# What the task asks
Copied exactly and without pictures, the lines from the beginning of the entries through the one that holds "Toyota Land Cruiser" should form the entire reply.

(Input data begins)

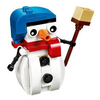 LEGO Set-Snowman (Polybag)-Holiday / Christmas / Creator-30197-1-Creative Brick Builders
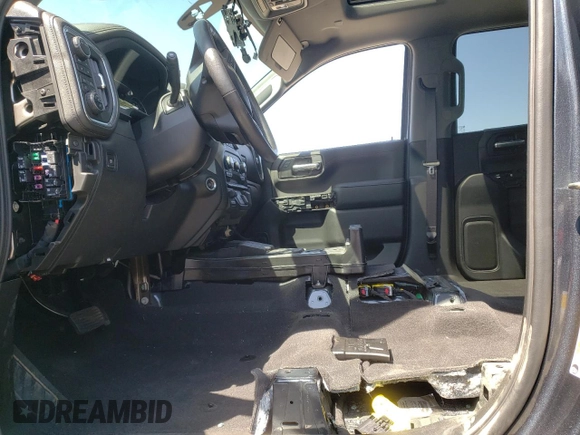 2020 Chevrolet Silverado 1500 LTZ with VIN 1GCUYGEL9LZ219724, listed as a Copart auction lot 66655174 with 47,087 mi miles and Salvage Title. Bid and sale history available at DreamBid. Image 7.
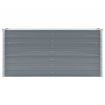 Gazebo Top Cover 310 g/m² 4x3 m Grey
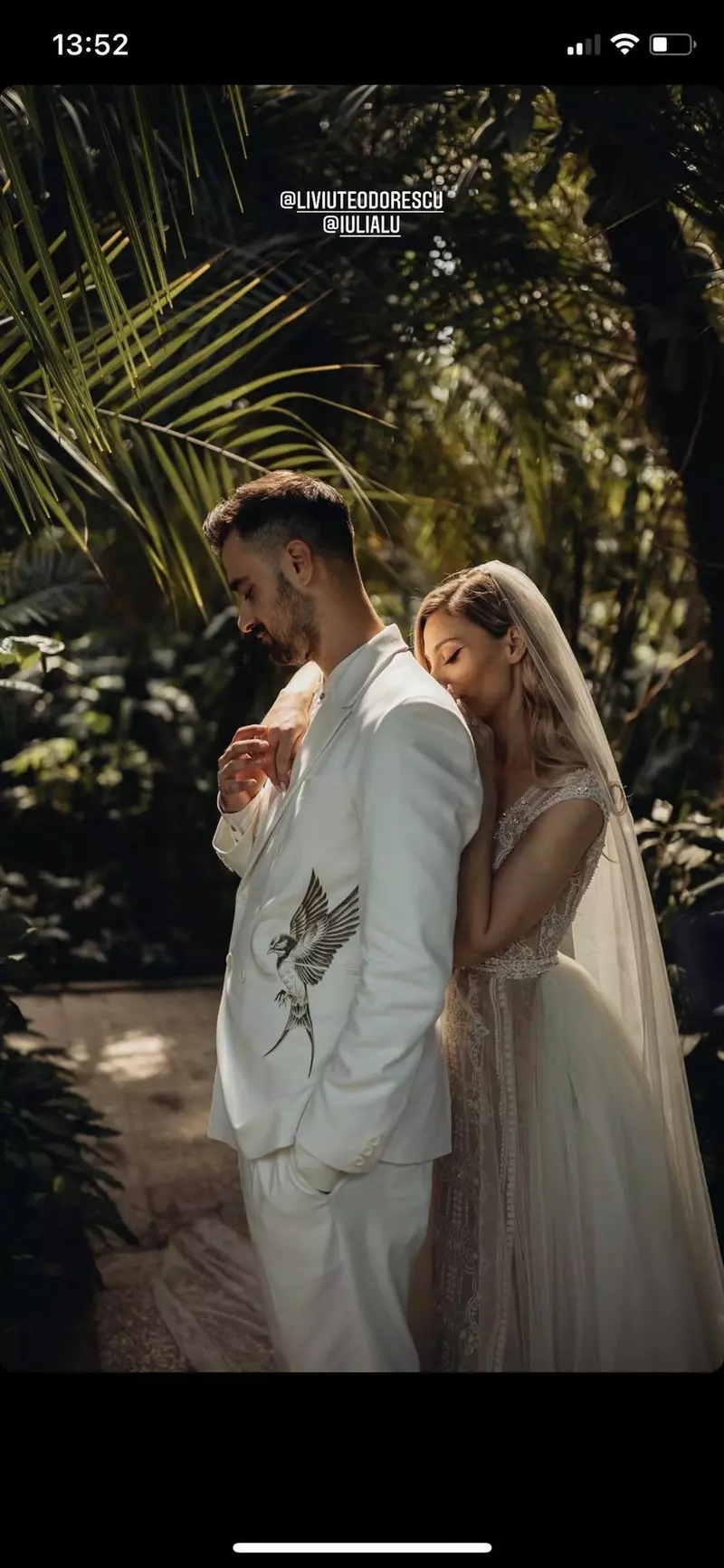 Liviu Teodorescu s-a casatorit religios (9)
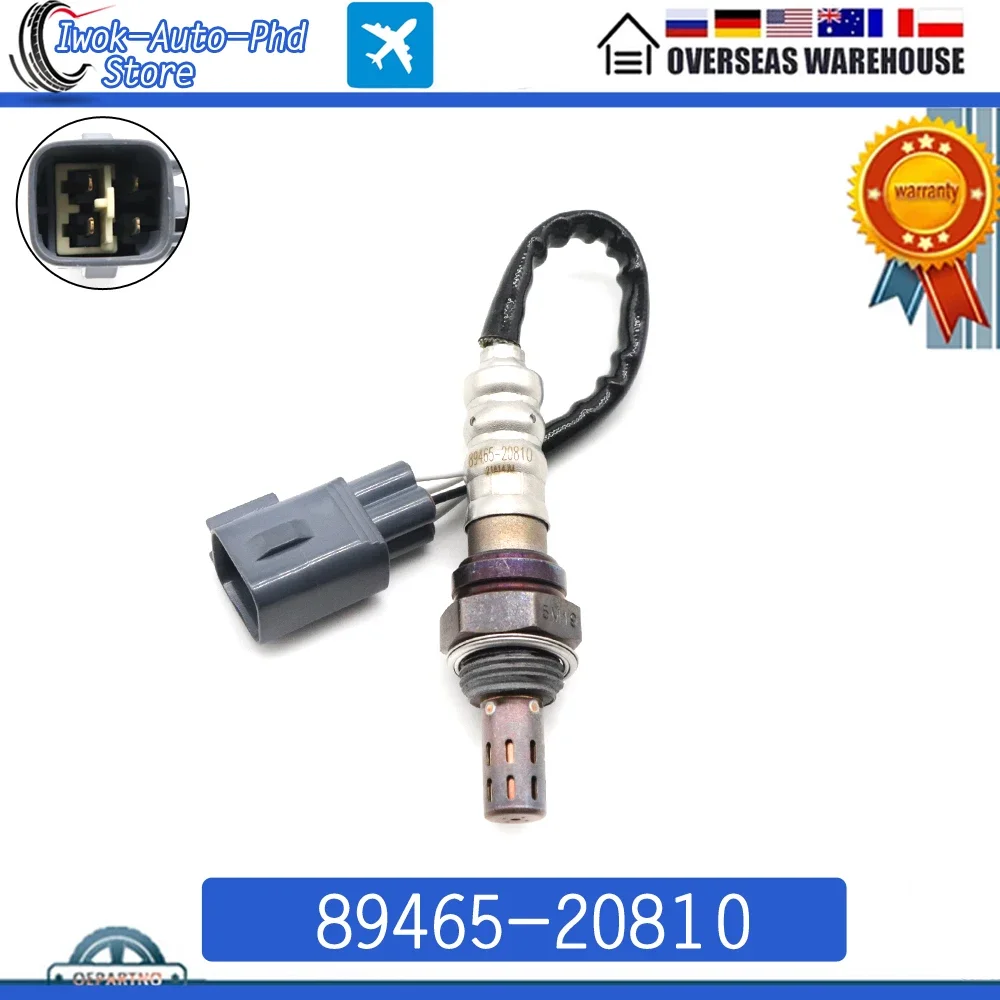 89465-20810 Air Fuel Ratio Lambda O2 Oxygen Sensor For Toyota VITZ FUN CARGO Yaris Verso COROLLA L4 1.3L 8946520810
89465-20810 Air Fuel Ratio Lambda O2 Oxygen Sensor For Toyota VITZ FUN CARGO Yaris Verso COROLLA L4 1.3L 8946520810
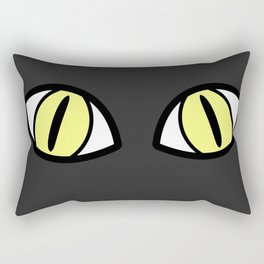 Cat eyes Rectangular Pillow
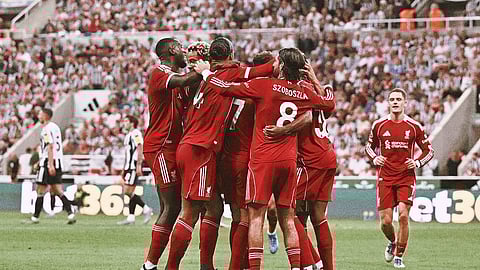 Liverpool Football team... 
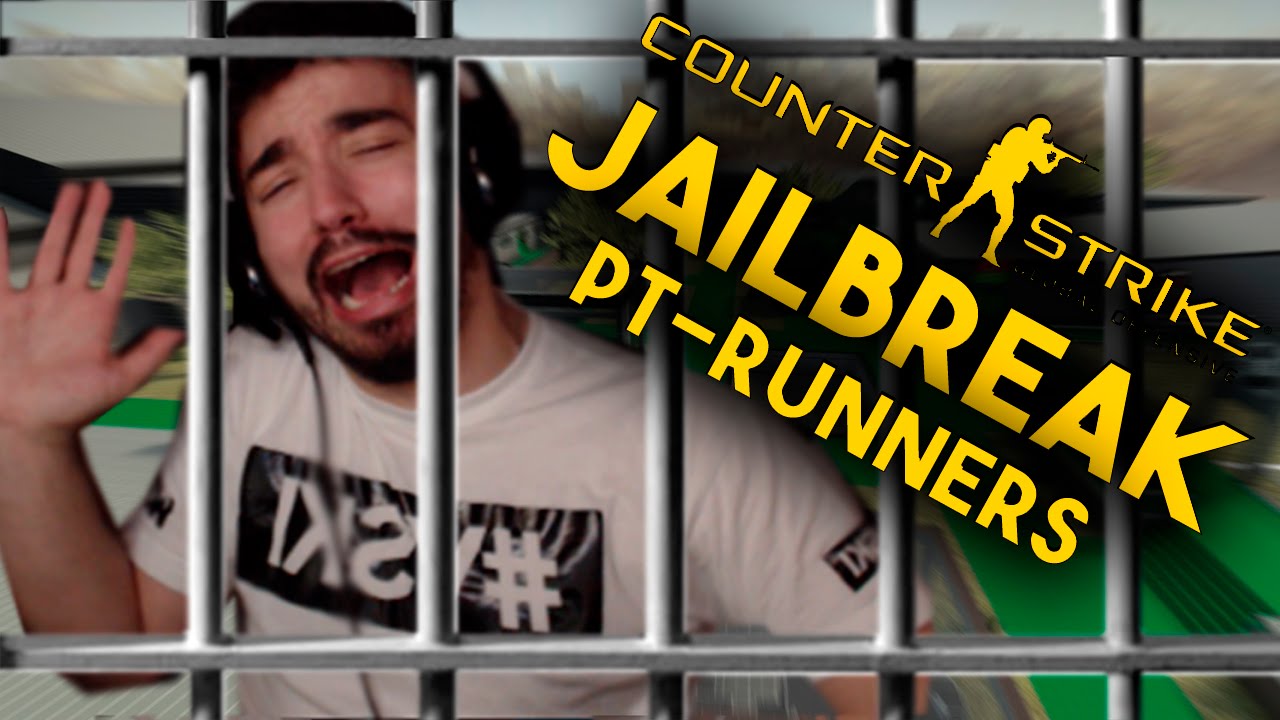 CS:GO - JAILBREAK - PT-RUNNER'S - DE MADRUGADA É TOP !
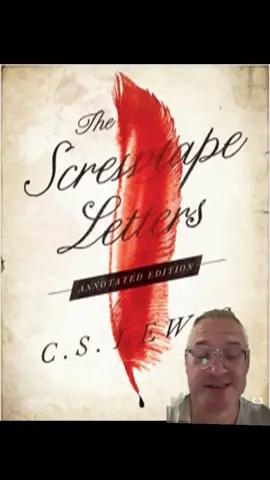 #BookTok folks who love some #CSLewis - this one is a regular #audiobook for me, because it’s truly exceptional (and no ads on YouTube doesn’t hurt) to hear @john cleese narrate and bring these words to life!  You must look it up and give it a listen!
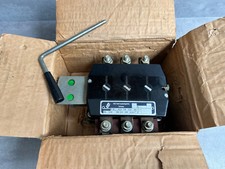 VEB Lastschalter FLTU 250 Lasttrennschalter DDR Hebelantrieb 660V Elektroschalt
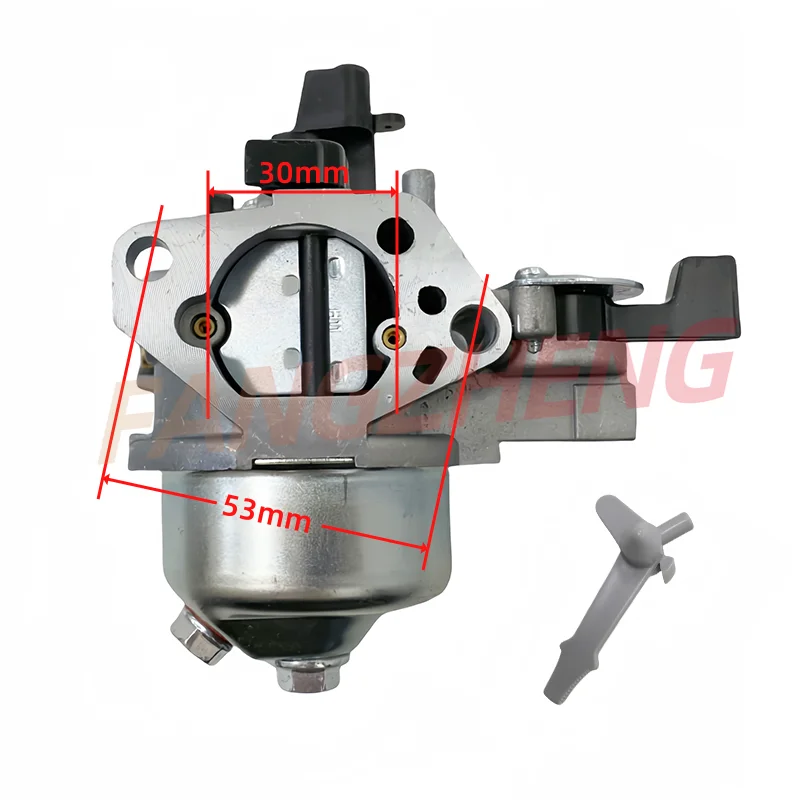 P21mm 177 Water Pump Carburetor Carb For 177F GX240 173F GX270 9HP PUMP GO KARTING ENGINEERING MACHINERY Engine Lawn Mowe Carbu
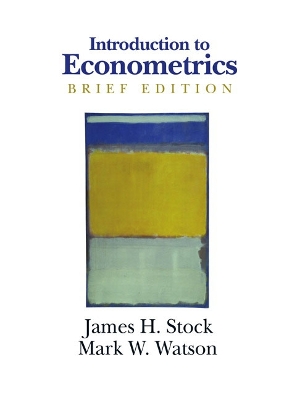 Book cover for Introduction to Econometrics, Brief Edition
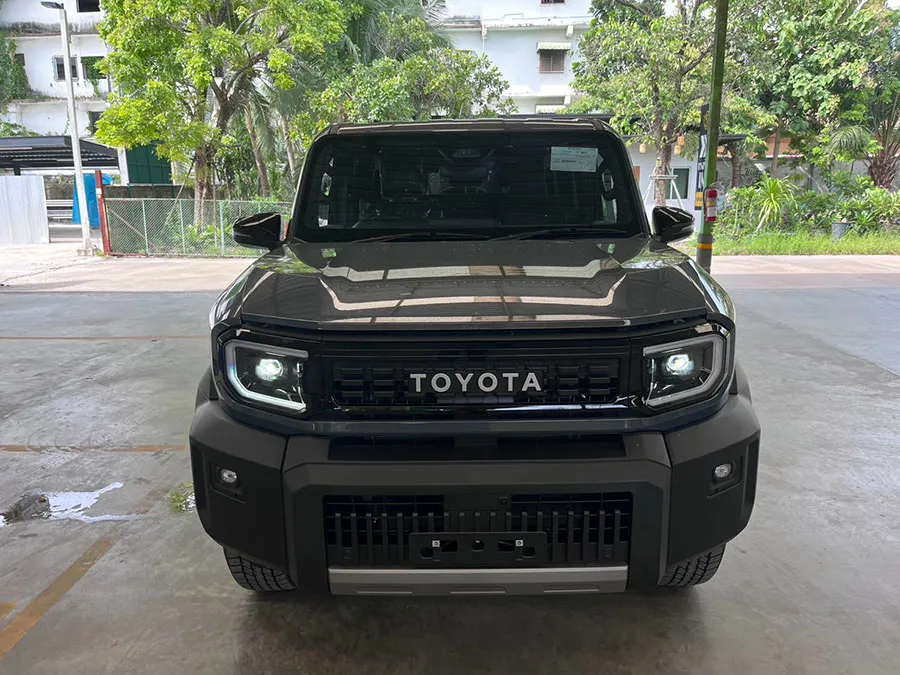 Toyota Land Cruiser FJ Prins Silverline หม้อต้ม Prins eVP-500 รางหัวฉีด Prins กรองแก๊ส PRINS KEIHIN กล่อง AFC Compact Pro 4D หัวเติมกรอง Certools NF199 ถังแคปซูนใต้ท้อง 58L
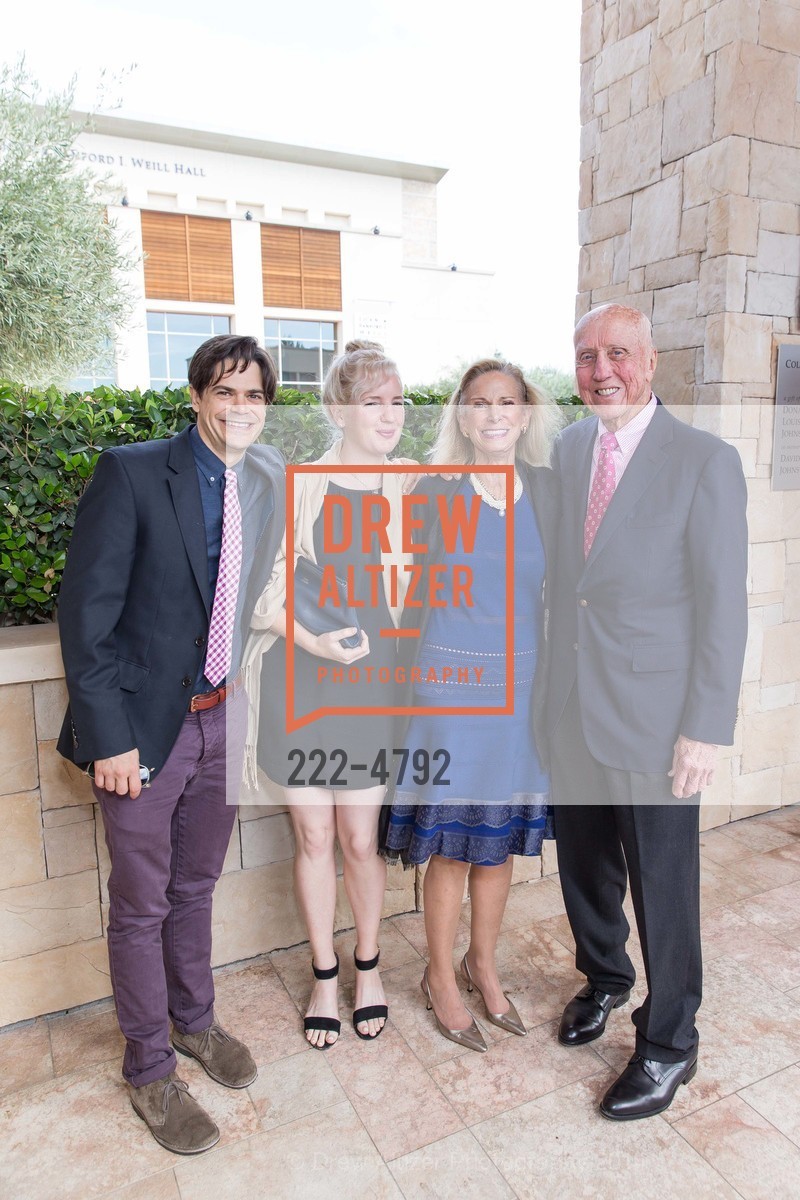 Ramsey Palmer, Jeni Emery, Joan Palmer, Robert Johnson, 2014-15 Season Opening Concert and Gala - WEILL HALL, GREEN MUSIC CENTER, US, September 28th, 2014, Photo #222-4792 Ramsey Palmer, Jeni Emery, Joan Palmer, Robert Johnson, Photo #222-4792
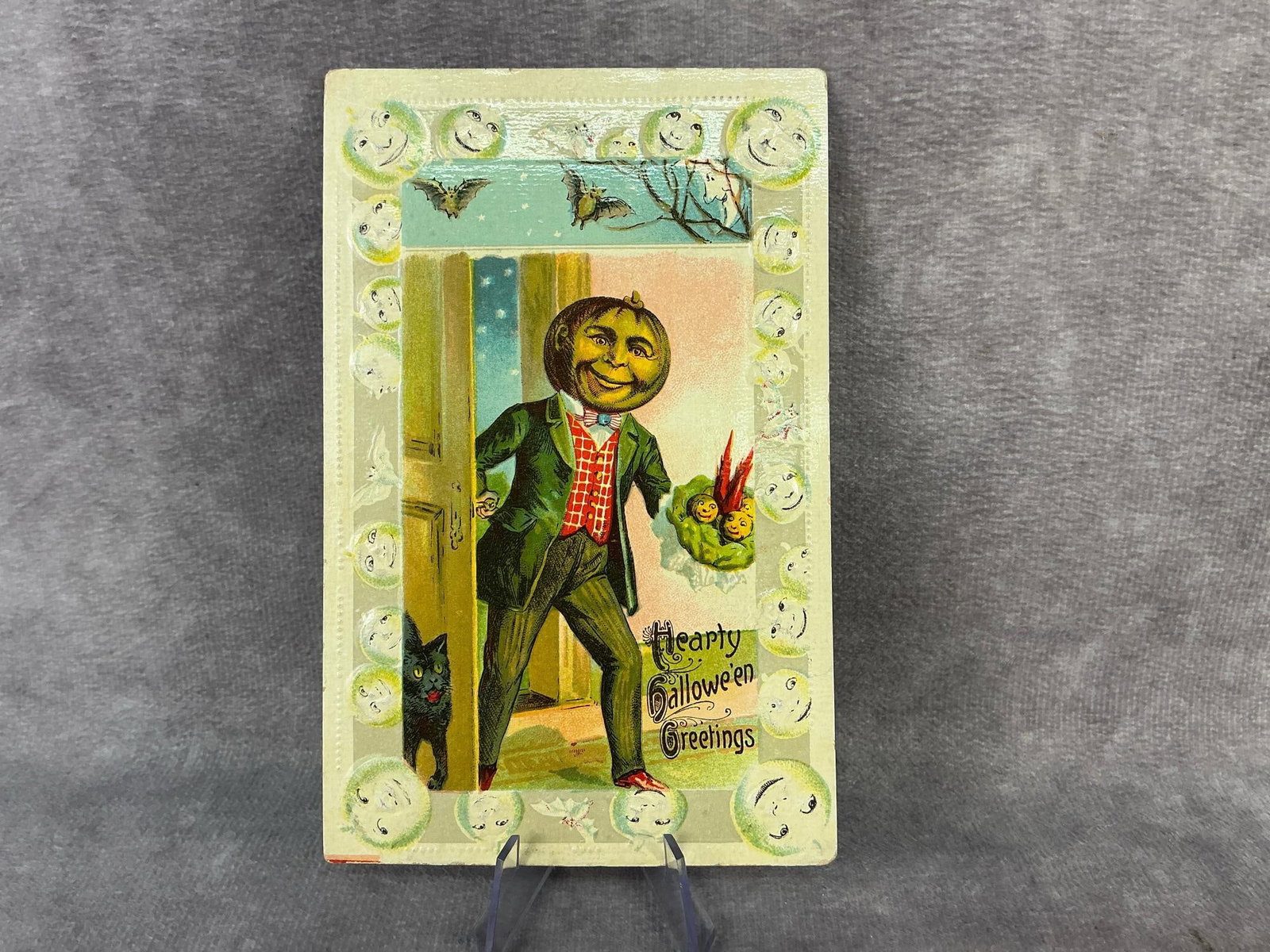 Halloween Postcards - 4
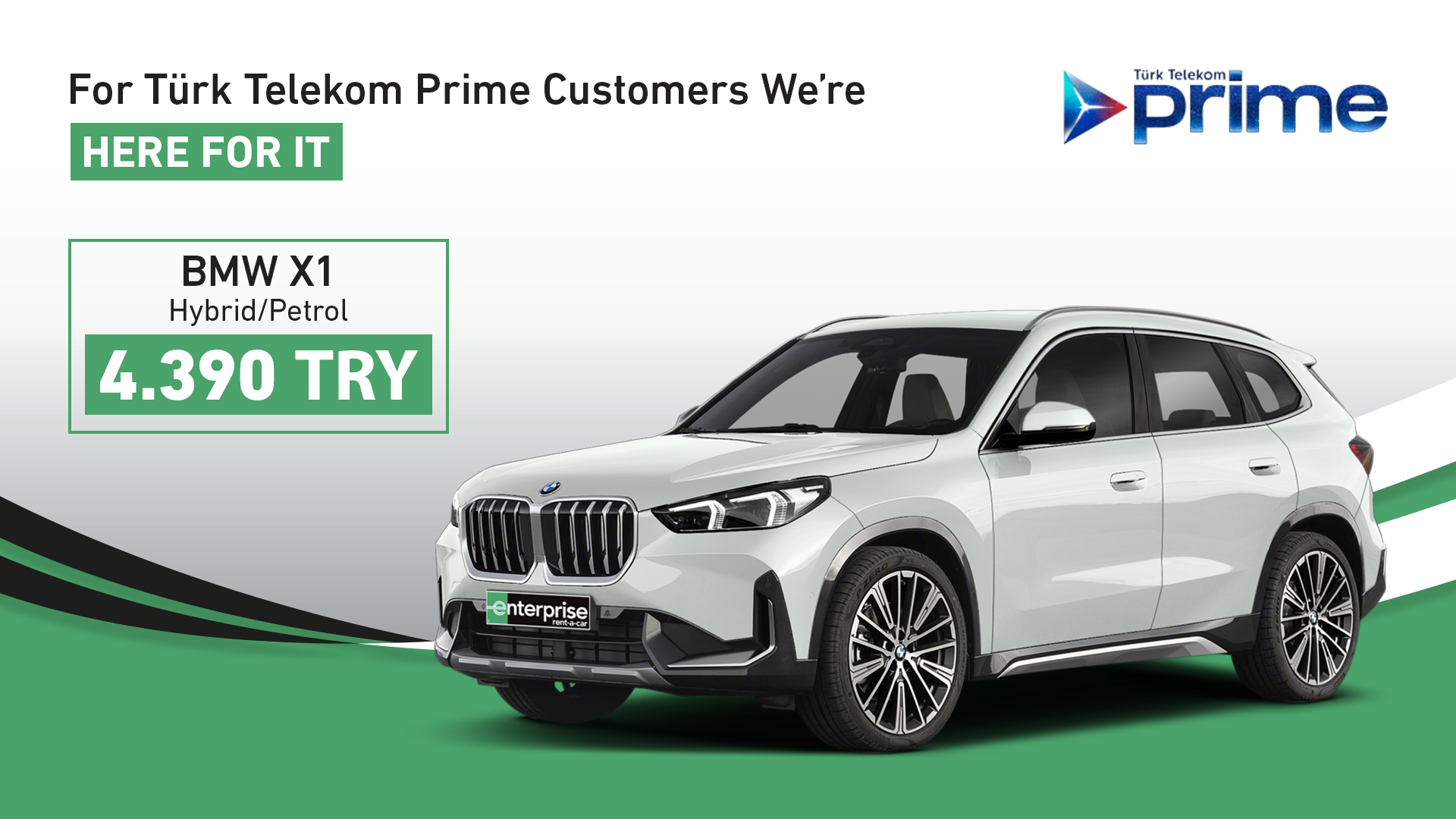 Special Deals for Türk Telekom Prime Customers!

(Input data ends)

# Answer section
 LEGO Set-Snowman (Polybag)-Holiday / Christmas / Creator-30197-1-Creative Brick Builders
 2020 Chevrolet Silverado 1500 LTZ with VIN 1GCUYGEL9LZ219724, listed as a Copart auction lot 66655174 with 47,087 mi miles and Salvage Title. Bid and sale history available at DreamBid. Image 7.
 Gazebo Top Cover 310 g/m² 4x3 m Grey
 Liviu Teodorescu s-a casatorit religios (9)
 89465-20810 Air Fuel Ratio Lambda O2 Oxygen Sensor For Toyota VITZ FUN CARGO Yaris Verso COROLLA L4 1.3L 8946520810
89465-20810 Air Fuel Ratio Lambda O2 Oxygen Sensor For Toyota VITZ FUN CARGO Yaris Verso COROLLA L4 1.3L 8946520810
 Cat eyes Rectangular Pillow
 Liverpool Football team... 
 CS:GO - JAILBREAK - PT-RUNNER'S - DE MADRUGADA É TOP !
 #BookTok folks who love some #CSLewis - this one is a regular #audiobook for me, because it’s truly exceptional (and no ads on YouTube doesn’t hurt) to hear @john cleese narrate and bring these words to life!  You must look it up and give it a listen!
 VEB Lastschalter FLTU 250 Lasttrennschalter DDR Hebelantrieb 660V Elektroschalt
 P21mm 177 Water Pump Carburetor Carb For 177F GX240 173F GX270 9HP PUMP GO KARTING ENGINEERING MACHINERY Engine Lawn Mowe Carbu
 Book cover for Introduction to Econometrics, Brief Edition
 Toyota Land Cruiser FJ Prins Silverline หม้อต้ม Prins eVP-500 รางหัวฉีด Prins กรองแก๊ส PRINS KEIHIN กล่อง AFC Compact Pro 4D หัวเติมกรอง Certools NF199 ถังแคปซูนใต้ท้อง 58L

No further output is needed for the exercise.